▶ What you have to do
Return the entries verbatim and drop every picture.

▶ Recorded information

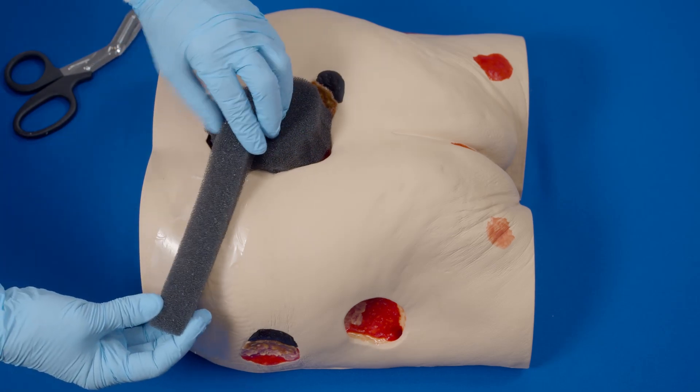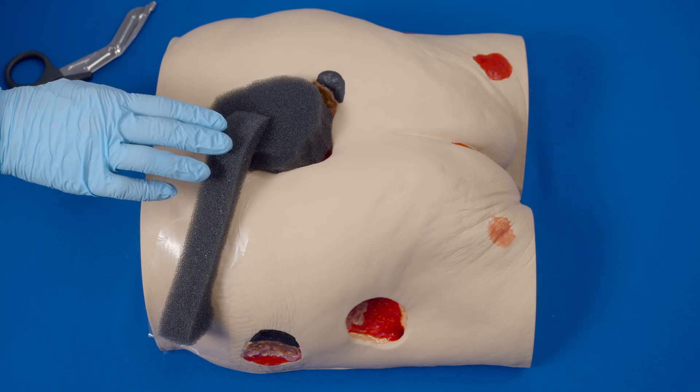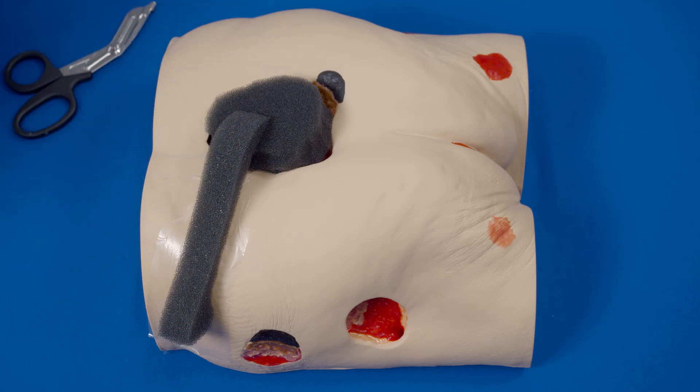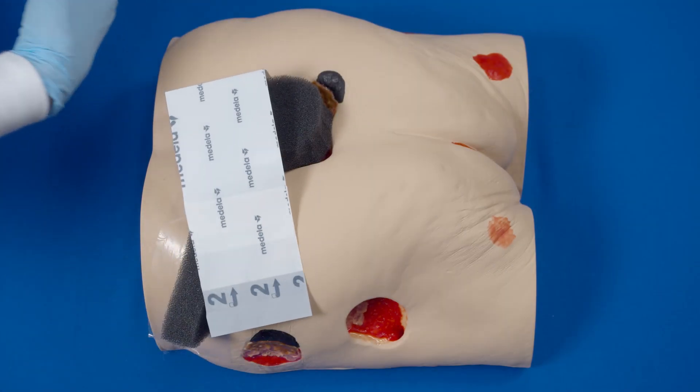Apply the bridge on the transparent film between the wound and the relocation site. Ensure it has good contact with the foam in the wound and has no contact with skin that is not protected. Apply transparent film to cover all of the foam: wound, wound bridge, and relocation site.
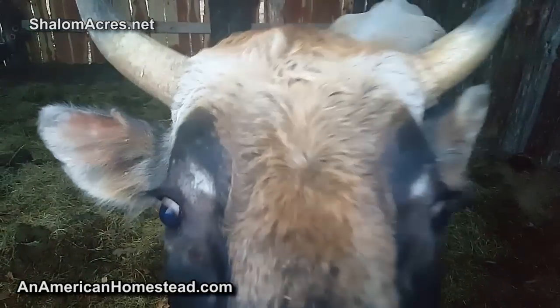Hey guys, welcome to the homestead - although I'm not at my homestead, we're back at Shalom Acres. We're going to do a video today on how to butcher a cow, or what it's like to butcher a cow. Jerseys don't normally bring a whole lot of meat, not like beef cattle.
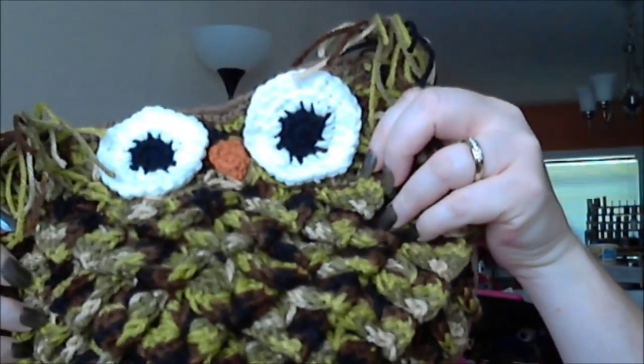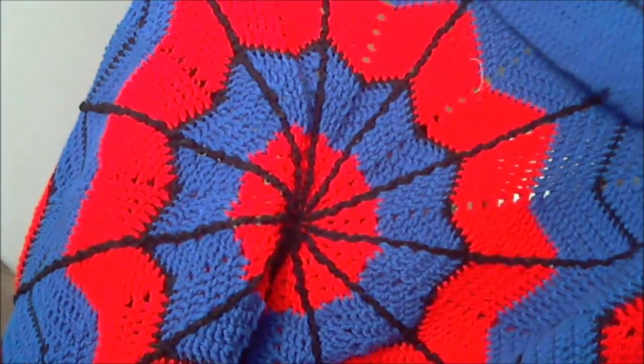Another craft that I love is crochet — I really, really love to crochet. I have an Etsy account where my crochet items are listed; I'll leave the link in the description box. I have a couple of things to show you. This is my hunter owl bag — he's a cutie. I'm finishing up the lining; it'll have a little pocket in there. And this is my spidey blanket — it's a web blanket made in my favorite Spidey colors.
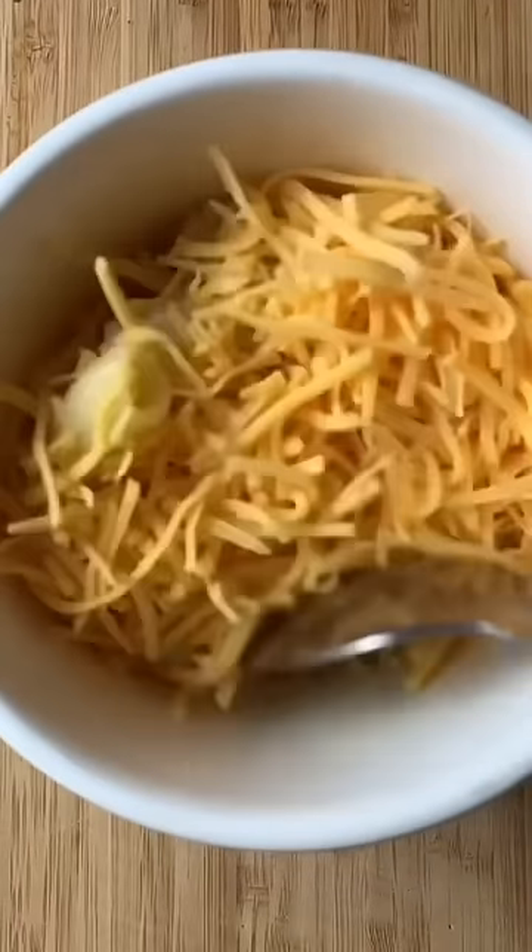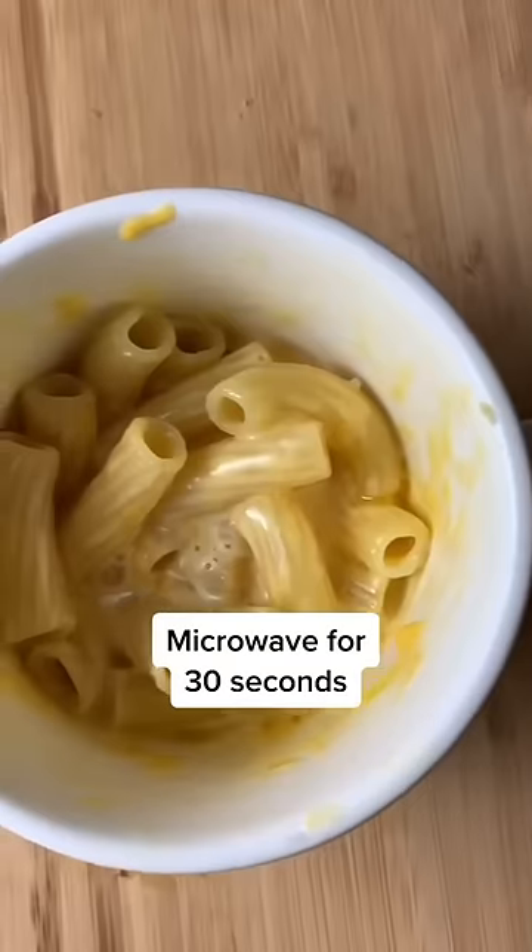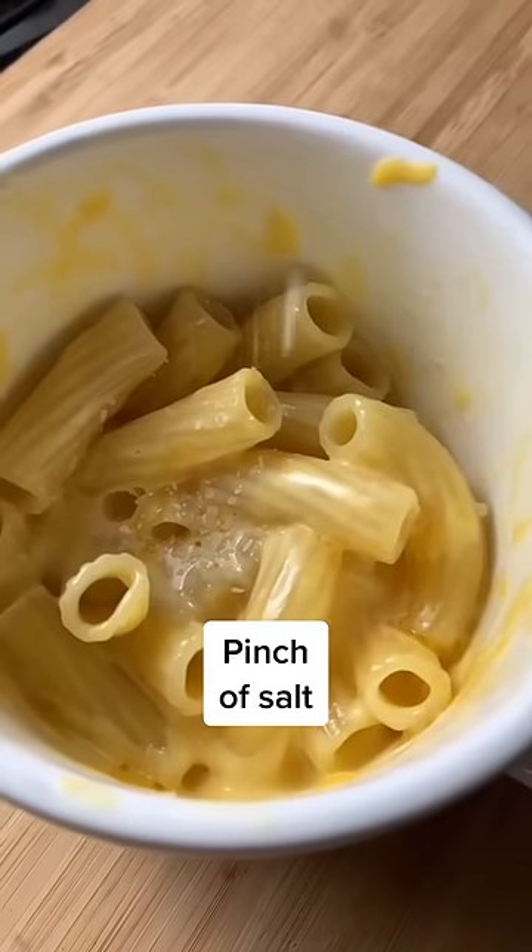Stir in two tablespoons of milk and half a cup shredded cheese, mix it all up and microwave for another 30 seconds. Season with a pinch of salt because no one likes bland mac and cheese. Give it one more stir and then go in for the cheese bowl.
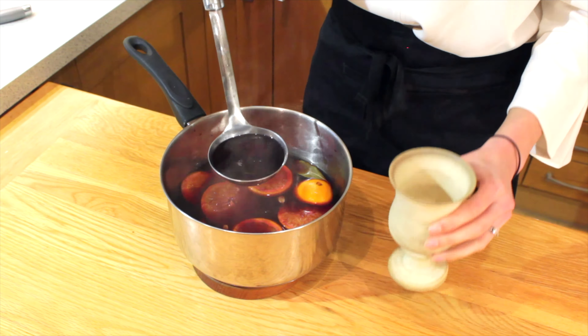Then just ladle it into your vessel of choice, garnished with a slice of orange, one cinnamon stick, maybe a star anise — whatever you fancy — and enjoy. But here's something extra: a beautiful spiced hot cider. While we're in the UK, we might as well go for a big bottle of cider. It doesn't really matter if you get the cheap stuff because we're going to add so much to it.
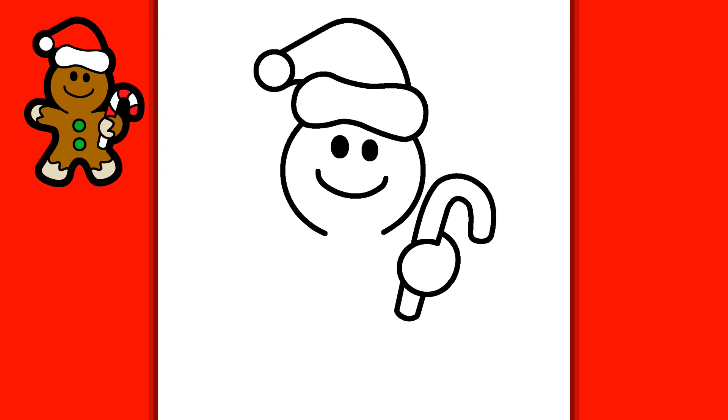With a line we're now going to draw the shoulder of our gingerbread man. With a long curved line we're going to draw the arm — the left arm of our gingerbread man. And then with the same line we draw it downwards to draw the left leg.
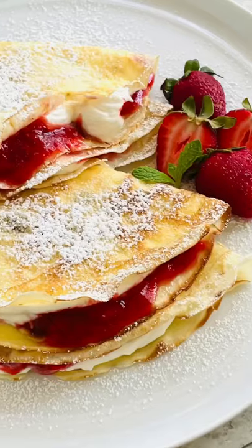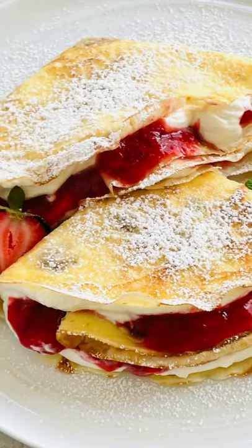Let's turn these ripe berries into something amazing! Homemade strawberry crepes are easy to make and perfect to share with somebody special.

▶ Finished task
Apply the bridge on the transparent film between the wound and the relocation site. Ensure it has good contact with the foam in the wound and has no contact with skin that is not protected. Apply transparent film to cover all of the foam: wound, wound bridge, and relocation site.
Hey guys, welcome to the homestead - although I'm not at my homestead, we're back at Shalom Acres. We're going to do a video today on how to butcher a cow, or what it's like to butcher a cow. Jerseys don't normally bring a whole lot of meat, not like beef cattle.
Another craft that I love is crochet — I really, really love to crochet. I have an Etsy account where my crochet items are listed; I'll leave the link in the description box. I have a couple of things to show you. This is my hunter owl bag — he's a cutie. I'm finishing up the lining; it'll have a little pocket in there. And this is my spidey blanket — it's a web blanket made in my favorite Spidey colors.
Stir in two tablespoons of milk and half a cup shredded cheese, mix it all up and microwave for another 30 seconds. Season with a pinch of salt because no one likes bland mac and cheese. Give it one more stir and then go in for the cheese bowl.
Then just ladle it into your vessel of choice, garnished with a slice of orange, one cinnamon stick, maybe a star anise — whatever you fancy — and enjoy. But here's something extra: a beautiful spiced hot cider. While we're in the UK, we might as well go for a big bottle of cider. It doesn't really matter if you get the cheap stuff because we're going to add so much to it.
With a line we're now going to draw the shoulder of our gingerbread man. With a long curved line we're going to draw the arm — the left arm of our gingerbread man. And then with the same line we draw it downwards to draw the left leg.
Let's turn these ripe berries into something amazing! Homemade strawberry crepes are easy to make and perfect to share with somebody special.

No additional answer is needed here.